Julie K. Silver, MD, physiatrist at Spaulding Rehabilitation Hospital and associate professor/associate chair in the Department of Physical Medicine and Rehabilitation at Harvard Medical School, and colleagues present the details in Transfusion and Apheresis Science.
On January 19, 2022, a single author searched Clinicaltrials.gov for records of U.S. pediatric and adult interventional trials that contained the term blood donation, blood donors or blood transfusion.

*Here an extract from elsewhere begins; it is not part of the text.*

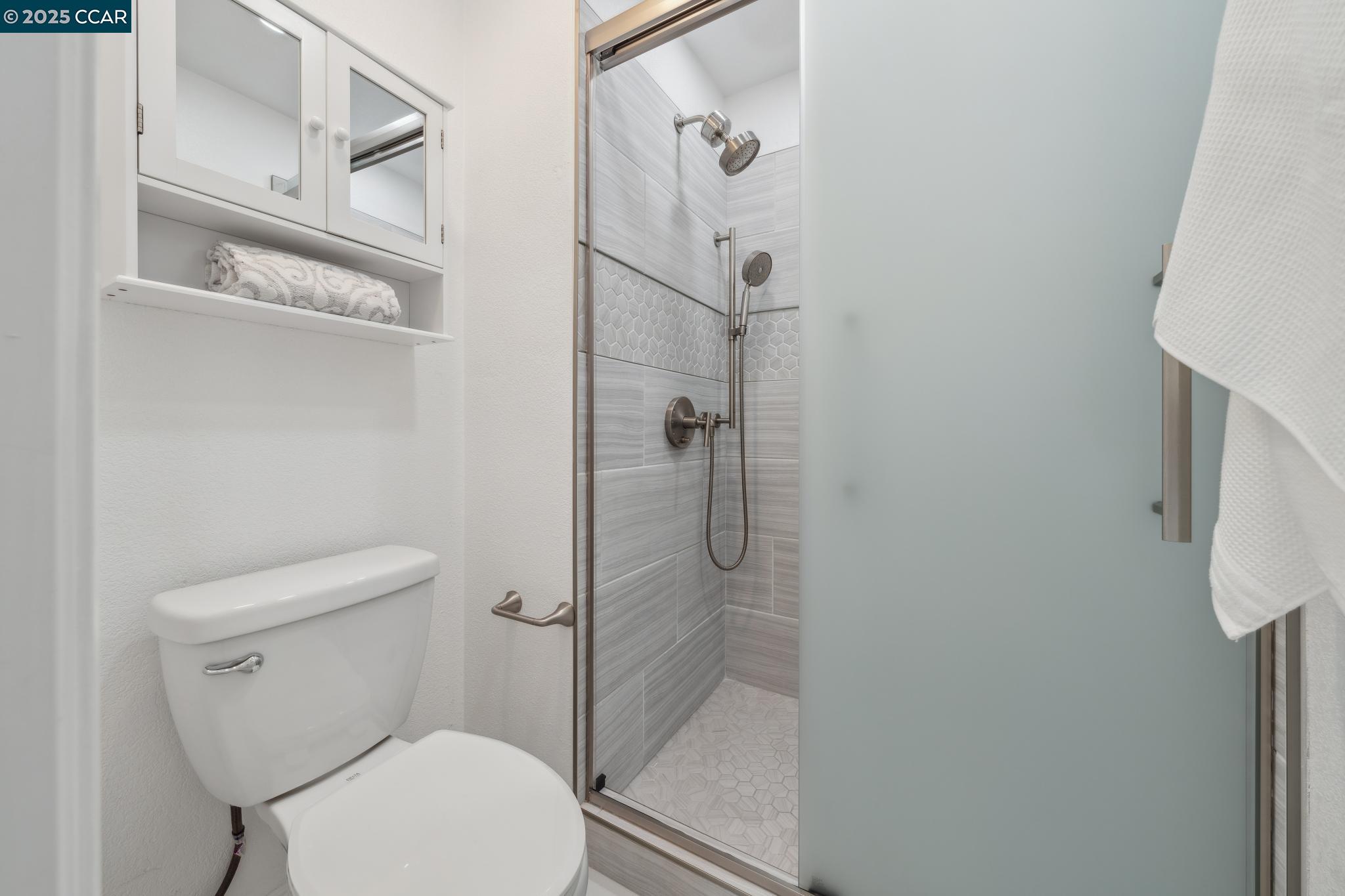 5417 Paso Del Rio Ct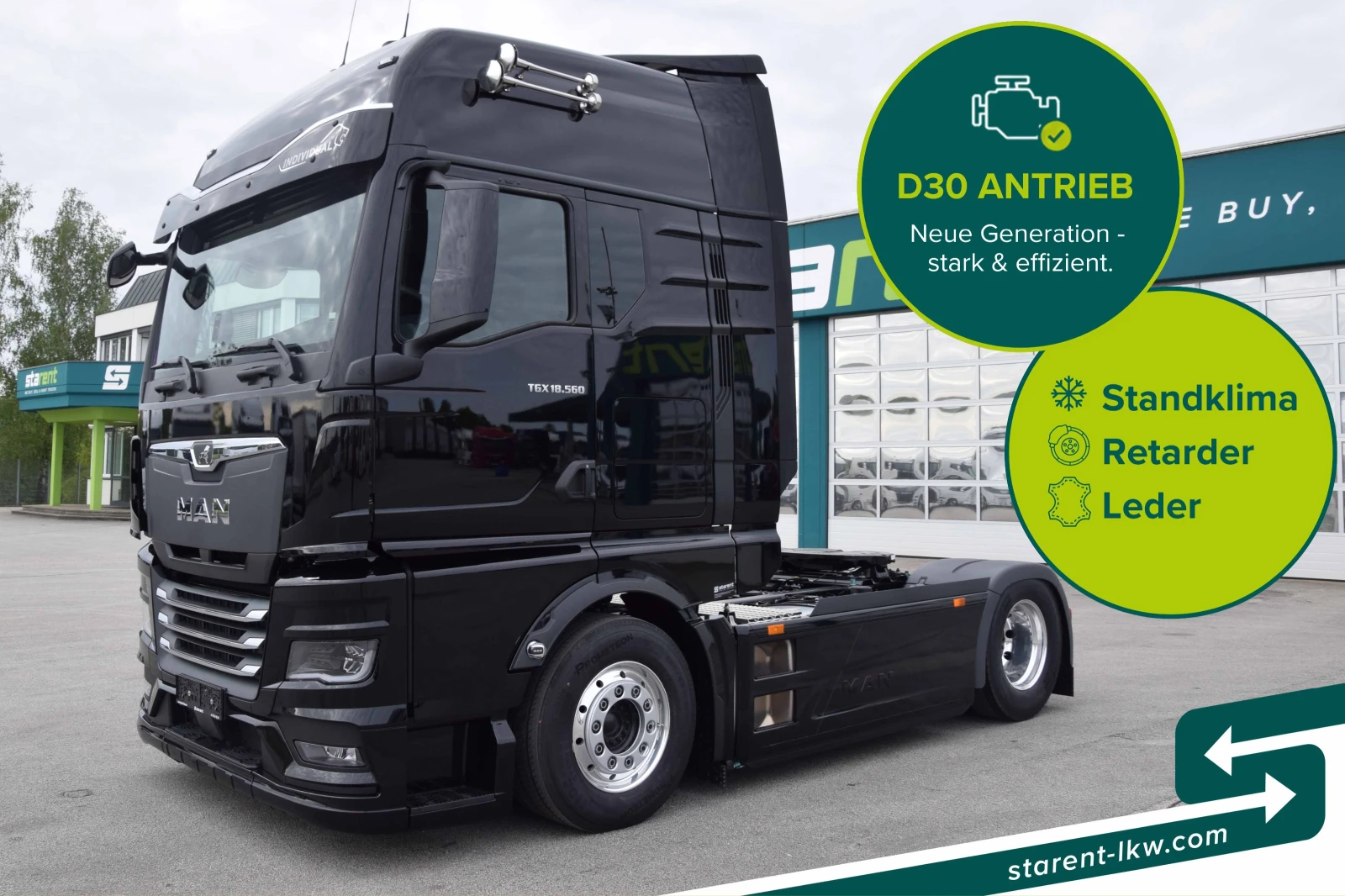 Man Tgx SZM26112 | Mobile.bg � ����������� 1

The analysis included seven blood donation trials (n=24,707) and 31 blood transfusion trials (n=9,500), all undertaken between July 2003 and August 2020:
- All blood donation trials reported sex and age, but only 71% reported race, and only 42% reported ethnicity
- All blood transfusion trials reported age, and 97% reported sex, but only 52% reported race, and only 39% reported ethnicity
21,987 of the participants in blood donation trials were enrolled in a single trial that did not report sex. When sex data on the other 2,720 participants were compared with 2019 U.S. Census data, women were substantially underrepresented (29% despite being 50% of the general population).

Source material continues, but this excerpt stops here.